The data directory is organized as follows:
data/runs - contains the results of prediction runs
data/train/images - contains images for the training set
data/train/masks - contains masked (labeled) images for the training set
data/validation/images - contains images for the validation set
data/validation/masks - contains masked (labeled) images for the validation set
data/weights - contains trained TensorFlow models
data/raw_sim_data/train/run1
data/raw_sim_data/validation/run1
Training Set
- Run QuadSim
- Click the
DL Training
button - Set patrol points, path points, and spawn points as taught below in the next lesson
Data Collection Guide
- With the simulator running, press "r" to begin recording.
- In the file selection menu navigate to the
data/raw_sim_data/train/run1
directory - Optional: to speed up data collection, press "9" (1-9 will slow down collection speed)
- When you have finished collecting data, hit "r" to stop recording.

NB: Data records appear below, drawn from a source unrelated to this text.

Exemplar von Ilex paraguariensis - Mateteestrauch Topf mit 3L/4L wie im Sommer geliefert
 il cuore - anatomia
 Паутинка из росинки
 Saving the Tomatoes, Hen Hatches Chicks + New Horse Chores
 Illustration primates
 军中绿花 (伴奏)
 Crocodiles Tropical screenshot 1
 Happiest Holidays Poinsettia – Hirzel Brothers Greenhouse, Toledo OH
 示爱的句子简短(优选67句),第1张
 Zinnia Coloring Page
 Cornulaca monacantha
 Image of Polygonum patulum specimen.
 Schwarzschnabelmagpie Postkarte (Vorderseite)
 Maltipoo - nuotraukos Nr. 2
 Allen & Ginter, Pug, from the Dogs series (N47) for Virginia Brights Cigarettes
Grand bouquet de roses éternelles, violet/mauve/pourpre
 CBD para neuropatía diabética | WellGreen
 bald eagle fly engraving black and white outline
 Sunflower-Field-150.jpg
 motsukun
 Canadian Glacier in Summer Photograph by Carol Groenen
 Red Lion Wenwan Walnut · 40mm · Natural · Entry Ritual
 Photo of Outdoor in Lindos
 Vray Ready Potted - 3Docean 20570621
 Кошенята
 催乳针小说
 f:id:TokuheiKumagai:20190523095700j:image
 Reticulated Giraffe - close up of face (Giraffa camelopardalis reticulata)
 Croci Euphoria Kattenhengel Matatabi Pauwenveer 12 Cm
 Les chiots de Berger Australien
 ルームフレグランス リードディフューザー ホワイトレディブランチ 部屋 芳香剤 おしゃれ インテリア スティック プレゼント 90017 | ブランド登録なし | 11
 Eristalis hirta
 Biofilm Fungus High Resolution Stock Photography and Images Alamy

- To reset the simulator, hit "
<esc>
" - To collect multiple runs create directories
data/raw_sim_data/train/run2
,data/raw_sim_data/train/run3
and repeat the above steps.
Validation Set
To collect the validation set, repeat both sets of steps above, except using the directory data/raw_sim_data/validation
instead rather than data/raw_sim_data/train
.
Image Preprocessing
Before the network is trained, the images first need to undergo a preprocessing step. The preprocessing step transforms the depth masks from the sim, into binary masks suitable for training a neural network. It also converts the images from .png to .jpeg to create a reduced sized dataset, suitable for uploading to Udacity Workspace or the AWS Instance.
To run preprocessing:
$ python preprocess_ims.py
Note: If your data is stored as suggested in the steps above, this script should run without error.
Important Note 1:
Running preprocess_ims.py
does not delete files in the processed_data folder. This means if you leave images in processed data and collect a new dataset, some of the data in processed_data will be overwritten some will be left as is. It is recommended to delete the train and validation folders inside processed_data(or the entire folder) before running preprocess_ims.py
with a new set of collected data.
Important Note 2:
The notebook, and supporting code assume your data for training/validation is in data/train, and data/validation. After you run preprocess_ims.py
you will have new train
, and possibly validation
folders in the processed_ims
.
Rename or move data/train
, and data/validation
, then move data/processed_ims/train
, into data/
, and data/processed_ims/validation
also into data/
Important Note 3:
Merging multiple train
or validation
may be difficult, it is recommended that data choices be determined by what you include in raw_sim_data/train/run1
with possibly many different runs in the directory. You can create a tempory folder in data/
and store raw run data you don't currently want to use, but that may be useful for later. Choose which run_x
folders to include in raw_sim_data/train
, and raw_sim_data/validation
, then run preprocess_ims.py
from within the 'code/' directory to generate your new training and validation sets.